**Available data**
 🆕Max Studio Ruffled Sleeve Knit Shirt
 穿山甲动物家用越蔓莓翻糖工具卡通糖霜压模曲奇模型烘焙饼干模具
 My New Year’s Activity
==
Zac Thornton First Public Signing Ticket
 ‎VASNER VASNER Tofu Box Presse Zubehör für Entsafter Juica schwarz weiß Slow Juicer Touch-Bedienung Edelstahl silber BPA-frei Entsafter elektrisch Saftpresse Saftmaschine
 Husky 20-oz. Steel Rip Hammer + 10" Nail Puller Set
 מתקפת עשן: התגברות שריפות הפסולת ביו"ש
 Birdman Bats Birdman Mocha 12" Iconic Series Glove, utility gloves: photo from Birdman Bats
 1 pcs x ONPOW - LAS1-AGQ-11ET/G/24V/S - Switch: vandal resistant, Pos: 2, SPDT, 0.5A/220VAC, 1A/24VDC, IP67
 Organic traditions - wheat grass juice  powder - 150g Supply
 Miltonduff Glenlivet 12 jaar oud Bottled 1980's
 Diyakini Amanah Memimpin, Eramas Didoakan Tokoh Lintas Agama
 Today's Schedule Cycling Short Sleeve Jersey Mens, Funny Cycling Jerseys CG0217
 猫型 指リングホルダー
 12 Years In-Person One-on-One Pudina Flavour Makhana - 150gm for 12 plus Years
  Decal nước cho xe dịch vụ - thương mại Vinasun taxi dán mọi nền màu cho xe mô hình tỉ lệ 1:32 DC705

**What the task requires**
Beginning with the line that has "Sleeve Knit Shirt" and ending with the line that has "My New Year’s Activity", set down the lines above exactly and include no others.

**Solution to this problem**
 🆕Max Studio Ruffled Sleeve Knit Shirt
 穿山甲动物家用越蔓莓翻糖工具卡通糖霜压模曲奇模型烘焙饼干模具
 My New Year’s Activity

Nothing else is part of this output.